Best RMSE score on validation data: 12338.665498601415

**Best params:**

boosting_type :	 goss

reg_alpha :	 3.9731274536451826

reg_lambda :	 0.8825276525195174

colsample_bytree :	 1.0

subsample :	 1.0

learning_rate :	 0.05

max_depth :	 6

num_leaves :	 48

min_child_samples :	 1

***********

## Documentation for Milestone 4

***********

Dataset: https://www.kaggle.com/competitions/house-prices-advanced-regression-techniques/overview

**Data Processing and Feature Selection:**

For the feature selection, I started by dropping columns with a low correlation (< 0.4) with SalePrice. I then dropped columns with low variances (< 1). After that, I checked the correlation matrix between columns to drop selected columns that have a correlation greater than 0.5 but with consideration for domain knowledge. After that, I checked for NAs in the numerical columns. Then, based on the result, I used domain knowledge to fill the NAs with appropriate values.

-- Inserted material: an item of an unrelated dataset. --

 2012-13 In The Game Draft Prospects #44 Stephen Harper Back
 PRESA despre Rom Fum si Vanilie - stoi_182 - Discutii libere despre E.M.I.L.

In this case, I used 0 to fill the NAs as it was the most relevant value. As for the categorical NAs, they were replaced with ‘None’. Once, all the NAs were taken care of, I used LabelEncoder to encode the categorical values. I, then, checked for a correlation between columns and dropped them based on domain knowledge.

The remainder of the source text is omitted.